Proposed (UDT Restructuring)
Note
I have been working on this project over the last few months, current progress is available here: (GitHub branch)
This is an attempt to restructure the base networking layer of Vircadia to be one based on a more full-fledged implementation of UDT. While High Fidelity originally started out with a UDT implementation, they slimmed it down and tore out all nonessential bytes and packets to improve the amount of data that can be placed in a single packet. The efforts here are in the hope that a less-efficient but better-behaving network layer can improve performance and flexibility.
UDT (originally named SABUL) was originally crafted as a high-speed data transfer protocol using UDP and rewriting the assumptions that TCP uses to maintain a connection. High Fidelity most likely chose it due to its custom networking properties being unknown to most firewalls and thus more likely to penetrate them. The protocol is defined by a series of RFCs (which have all expired) and a reference implementation (which contains details not in the spec and does not fully conform to it). These can be found here:
Last RFC (referencing v4 of the protocol)
Reference implementation (converted from CVS and merged with some few stray Git commits)

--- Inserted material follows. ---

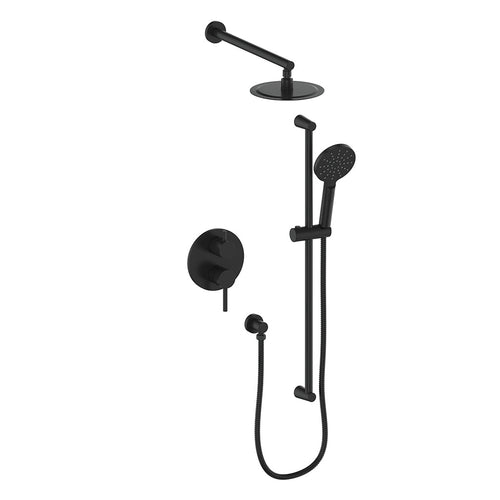 Worgl 2-Way Pb Shower Kit Set.Wl.210.210 - Golzar Home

The efforts here have taken the RFC and reference implementaton, initially creating a partial implementation in Go, then porting that implemenation into C++. As such, it is a lot more thread-heavy than the reference implemenation and also hopefully separated more from the original implemenation decisions of the original reference implemenation (HiFi’s implementation cuts half the code out but still uses familiar variable names). Where descrepancies between the RFC and the ref implemenation exist I have gone with the reference implemenation. I have also tweaked the protocol a bit to promote MTU discovery, but in a way that shouldn’t cause incompatibilities with an unmodified system (hopefully?)